Article originally posted at DarkReading.com
American businesses have learned the hard way that they should be paying more attention to hardening their employees' mobile devices. There has been a drastic increase in the amount of malware, phishing, network breaches, and cyberattacks in general since the COVID-19 pandemic began in early 2020, and many of them were related to the large number of employees working remotely.
As Tony Cole, chief technology officer at Attivo Networks, once said, "If you have sensitive data, build a program to ensure it's as secure as possible and mandate everyone to stay within the bounds of the program." There's no one-size-fits-all product to secure an enterprise's mobile devices; rather, the one critical element to a secure mobile environment is to create a comprehensive security plan and then have systems in place to ensure mandatory compliance.
Building a Mobile Security Program
Spending IT money without an extensive plan is a waste of resources, plain and simple. Companies need to define their mobile program by figuring out exactly what they need to accomplish as well as what the intended scope is. However, it's important to integrate security planning into each aspect of the mobile program; too often, security is added on as an afterthought. Then everyone wonders why it doesn't sync well with the rest of the program.

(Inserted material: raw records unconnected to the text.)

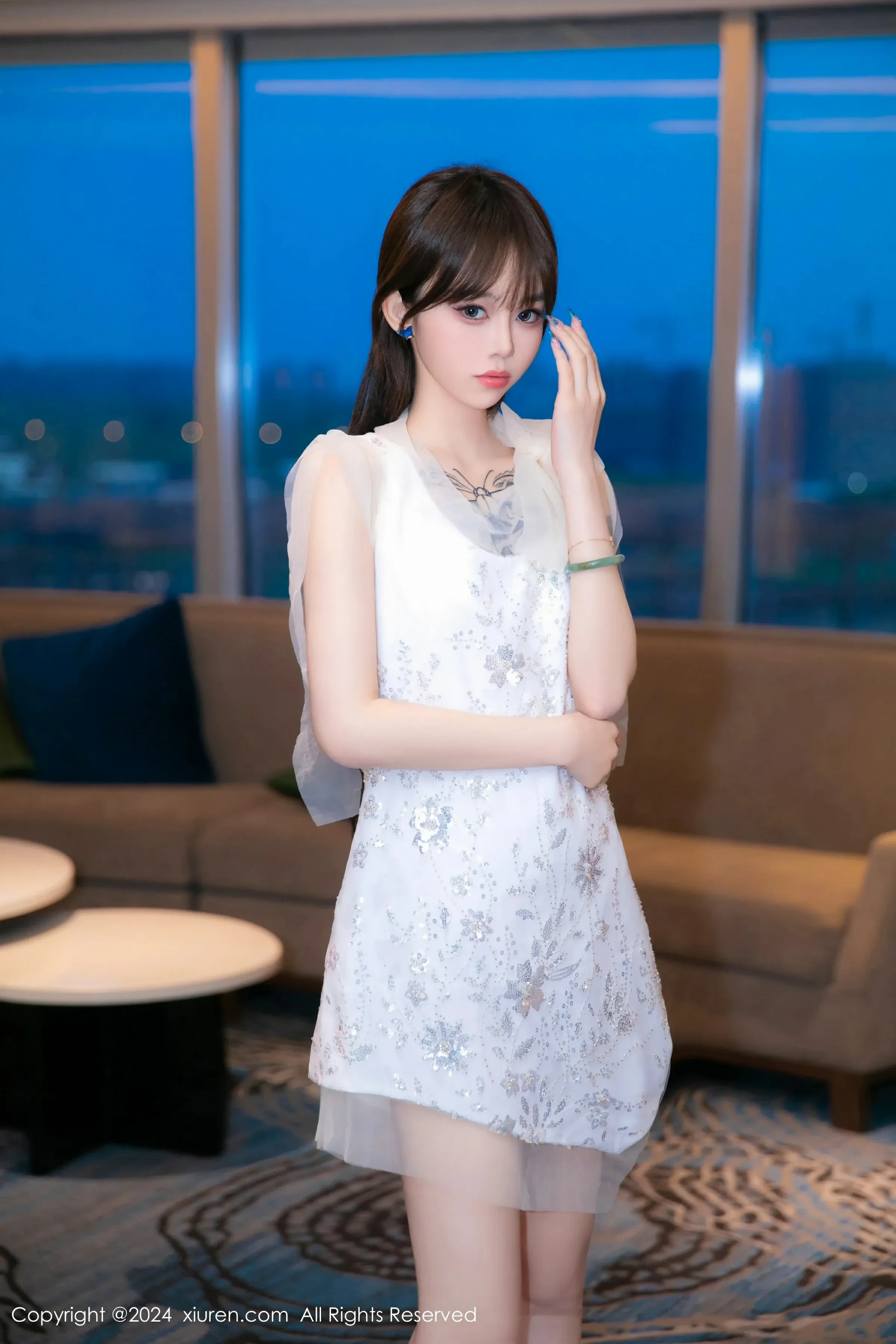  XiuRen 秀人 No.8696 奶瓶. [81P]第1张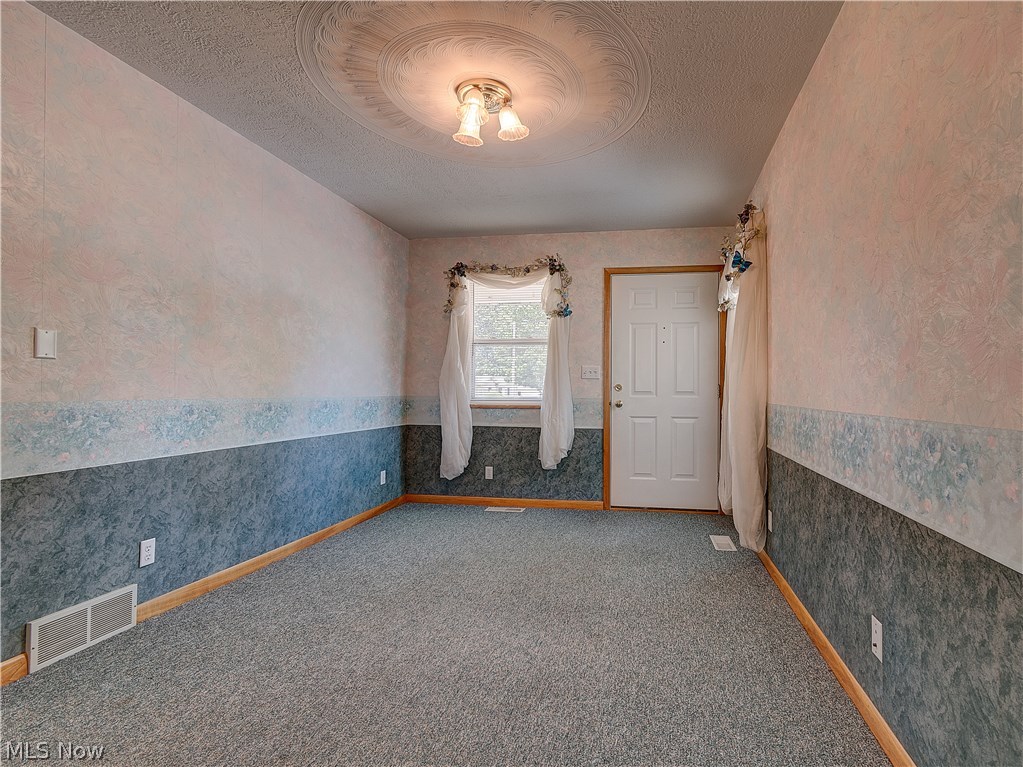 2812 Mayfair Road Akron, OH 44312 - Photo 7 of 23 Gallery Image 7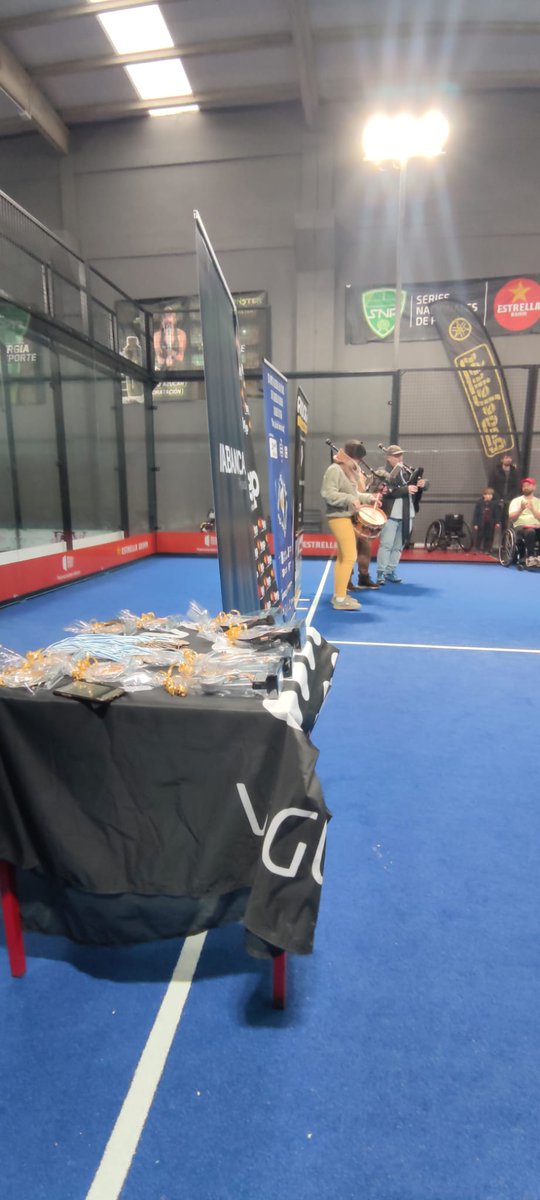 Gracias 1 año mas a tod@s por este torneazo 2025 ,sobretodo a los que están por detrás, para que este sea 1 mas difícil de olvidar.
Buen regreso a 🏡. 
 👇 
facebook.com/share/p/1EM9NU…

#GaliciaCalidade 
#padelensilla 

<a href="/Daviddelba/">David del Barrio</a> 
<a href="/Fundacion_ONCE/">Fundación ONCE</a> <a href="/padelfederacion/">Federación Española de Pádel</a> 
<a href="/talleresrodosa/">Rodosa</a>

If an organization is trying to build a good mobile program, it needs to be thinking about security. This extends beyond just picking out a good mobile device management platform or tacking on a virtual private network (VPN) app after it has distributed phones. Good mobile security programs don't cut corners or move too quickly; they deliberately evaluate how to protect each facet of employee-network interactions.
Finding a Solution
Once the purpose and scope of the security program have been determined, an organization needs to start shopping for vendors. At the very least, potential solutions need to take into account the following:
● Securing communications
● Protection from app and network-based threats
● Mobile device management
This is easier said than done, and there may not be one all-encompassing solution for all three of these problems. However, clearly articulating the goals of a mobile program to potential vendors can help them provide better solutions.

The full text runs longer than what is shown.